How to make puff pastry was a complete mystery to me whilst growing up, even though it is one of the few things I’ve always enjoyed in a myriad of foods from the savoury to the sweet. Puff pastry beef pie and chicken pie popped into the microwave oven was something I quite often had for lunch after school in Singapore. In Sweden smördeg as it is called with fruit and custard, drizzled with icing sugar is a relish to have at breakfast or at tea time.
The base dough for puff pastry, marked with a cross on top, ready for rolling out.

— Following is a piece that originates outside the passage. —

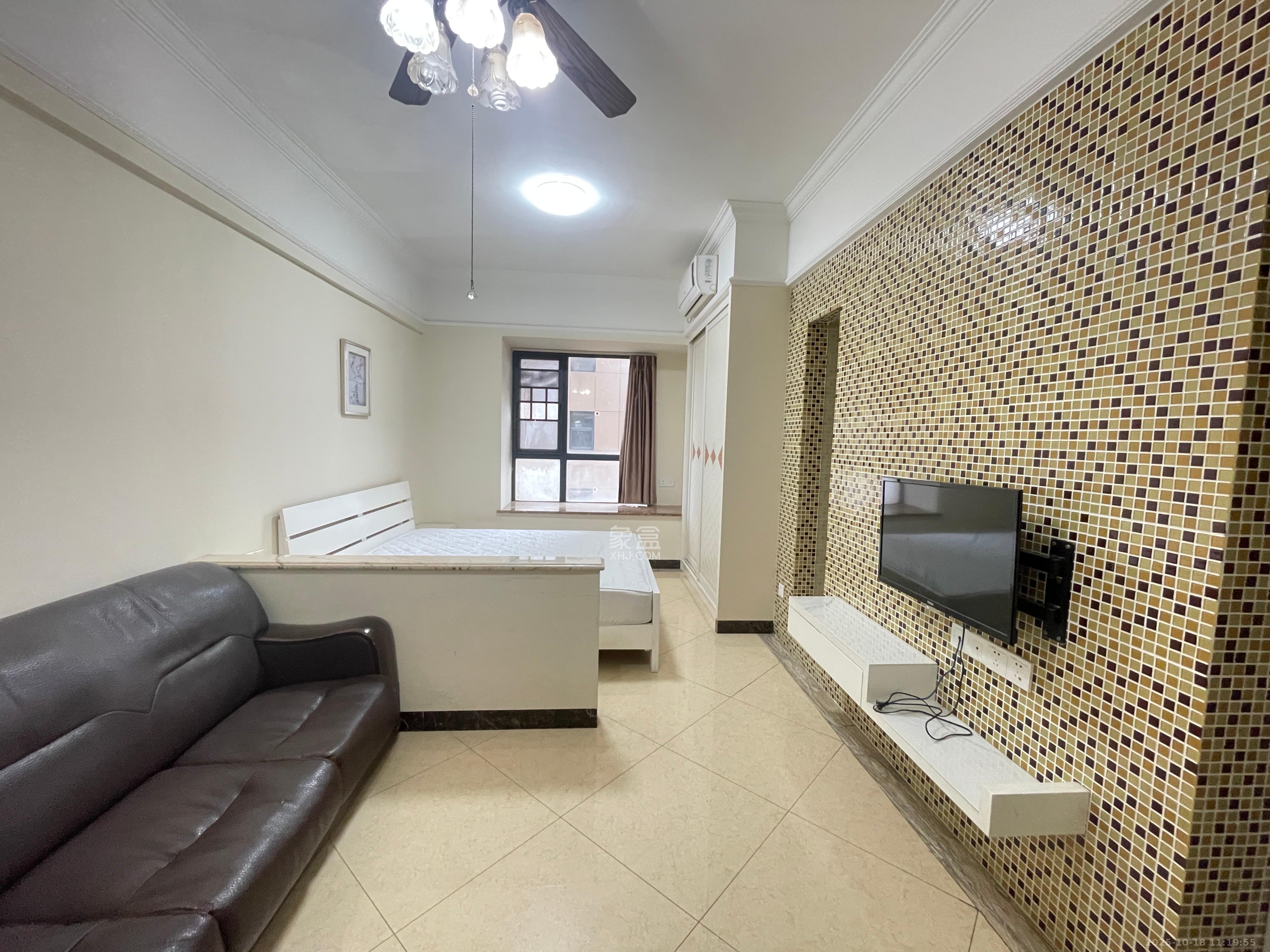 地华梅溪湖畔  1室1厅1卫    1900.0元/月 地华梅溪湖畔  1室1厅1卫    1900.0元/月室内图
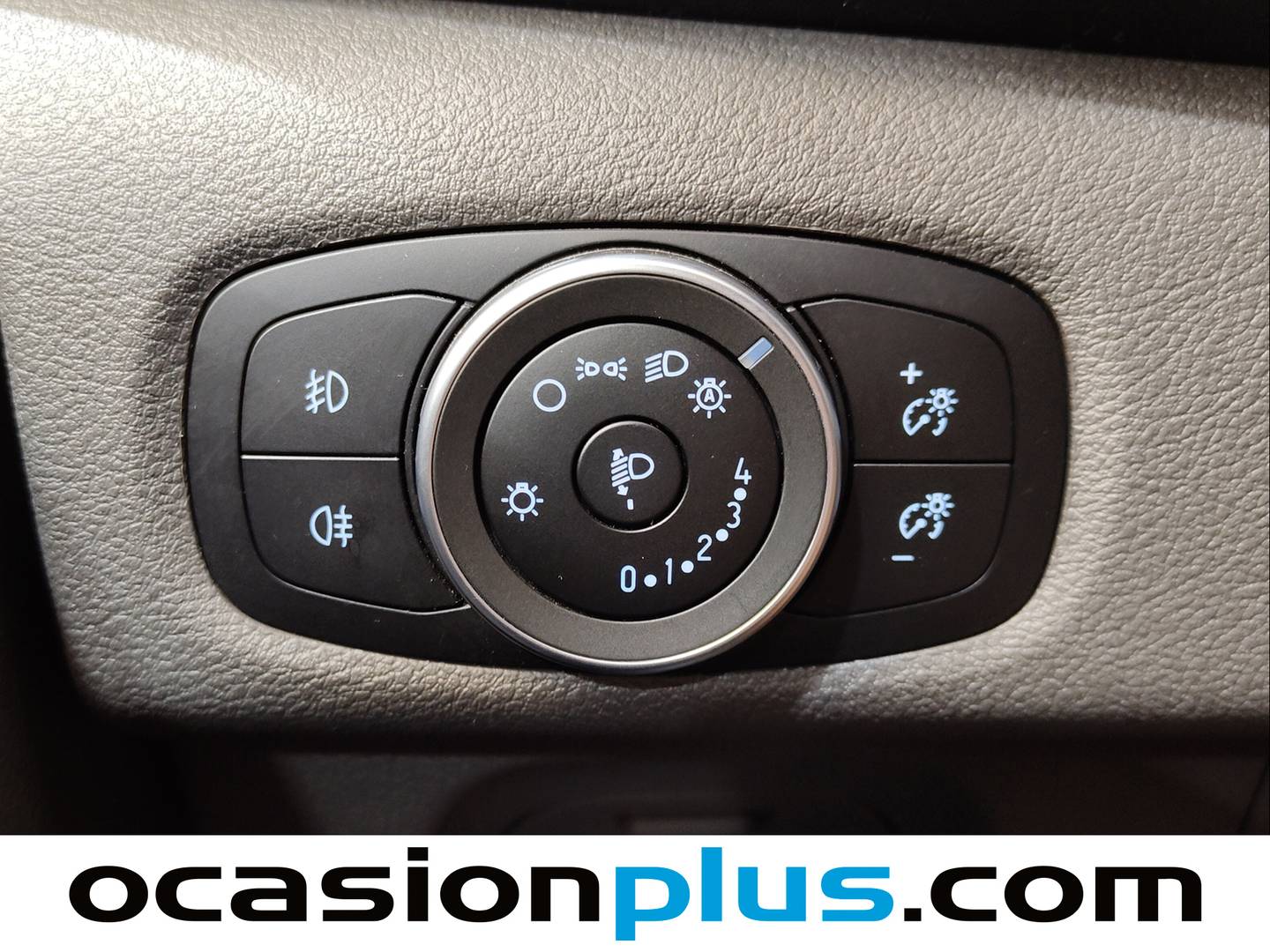 Extras del Ford Transit Custom Ford Transit Custom Kombi 2.0 TDCI 320 L1 Trend (130 CV)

Photo © Jan-Erik Nilsson and Cheryl M. Cordeiro Nilsson for Cheryl Marie Cordeiro 2010
As I’ve discovered what many others who make puff pastry have known, it takes more patience and time to make puff pastry than skill. Puff pastry has a much higher fat content than other types of pastries, using an alternating folding and rolling technique to create the layers of dough with air trapped between them. The pastry puffs up during the baking process and generally makes anything you serve on it / with it look fantastic!
Placing the butter on the rolled out dough.
The average time to turn out a batch of puff pastry is ca. 4 hours (some recipes call for 3 days) because of how long it takes to incorporate the butter into the layers of the pastry, with refrigeration time.
I use this simple recipe from BBC Good Food, one that uses lard because I like the eventual texture of the pastry that comes out. I also double the weight of the ingredients in order to get a larger batch of puff pastry, ready for freezing and use at any other time.
Ingredients
450g plain flour
pinch of salt
60g lard
300 ml oz cold water (this varies depending on the dough!
300g unsalted butter
Below are the rest of the pictures, step-by-step from the making of my batch of puff pastry.
Enveloping the butter into the dough for puff pastry.
Pinching the envelope closed, so that the butter doesn’t seep out the sides of the dough when rolling.
Marking the dough after first turn. You’ll need six turns to the puff pastry.
From the second or third turn, you’ll be able to achieve a double fold.
Ready for final refrigeration and use.
The way I keep my puff pastry in the freezer, all wrapped up in plastic.
So now that we have the puff pastry here at home, we’ll see what comes out of it in the cooking and baking!